Updated: Feb 9, 2019

By Paul Harper

I am an immigrant in this country. I have only experienced racist abuse twice in 19 years here. However, when I walk down the street, it is not obvious that I am not “born and bred” here. My origin is only apparent when I open my mouth. But we Irish and now fairly popular in my adopted city, London. That is not the case for everyone.

I’ve never seen people of different skin colour, culture or race as inferior or to be avoided but I also didn’t have much exposure to those people in my early years and I certainly have had moments of, at best, insensitive, and at worst just crass behaviour. Race issues were something for victims of racism or politically correct people to worry about, not me.

My Background

I grew up in Ireland in the 80’s/90’s.

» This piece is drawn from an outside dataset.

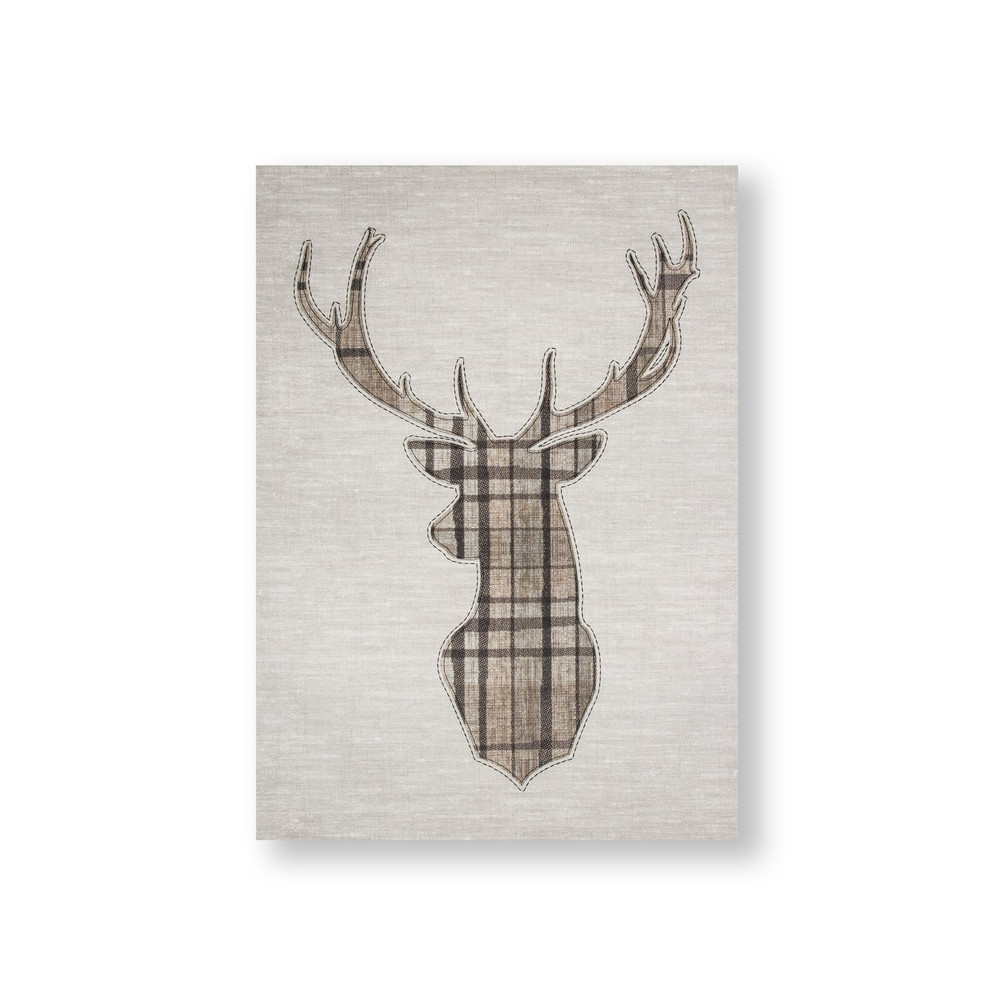 Tartan Stag Printed Canvas Wall Art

We didn’t have immigration as no one migrates to a country with >20% unemployment. The town I lived outside had about 30,000 people and only one was black. Everyone knew his name because he was so obviously different.

In Ireland at that time minority groups were more identified around religion: Catholic or Protestant. Growing up as a Protestant in the Republic, part of about a 3% minority, I experienced some minor bullying as my school uniform identified me as different. Visiting Northern Ireland I experienced similar minor bullying as my accent identified me as “from the other side”.

In 95 I spent 3 months working in Tennessee, USA. This was the first time I’d seen overt racism firsthand. Black people were not welcome in many of the places we went and this almost cost a young Jamacian guy who lived with us his life.

Moving to London in ’97 certainly exposed me to people of many different cultures but also to many different cultural attitudes. There was the taxi driver who carried me from the airport when I first arrived, who told me that “Paki’s were dirty people who share the same bed between different people, one lot sleeping in it during the day, another at night” or a girlfriend of Jamaican extraction who informed me her father would not be concerned about her seeing a white guy, at least I wasn’t African. He would never tolerate that.

At the time the underlying racism of these comments amused me more than anything else. It wasn’t my issue.  If other people chose to think and talk like that it’s their problem.

But then things happened to challenge my though processes…

These have caused me to realise that race issues ARE my issues, that I can’t turn a blind eye, and ultimately have forced me to become more vocal:

Firstly, the EU referendum in the UK. I voted to leave the EU (this is primarily because I do not believe in the ideology of a federal European state and the consequent erosions of national sovereignty that go with that). I did NOT vote for closing borders, deporting immigrants (that would be rather ironic as an Irishman married to a South African with 3 English born children) or isolationism. I did not expect either the racist vitriol that has been unleashed on immigrants since the referendum or the abuse, opprobrium and derision of those who voted to Leave by those who voted to Remain. Neither have been pretty and reveal deep divisions in our society.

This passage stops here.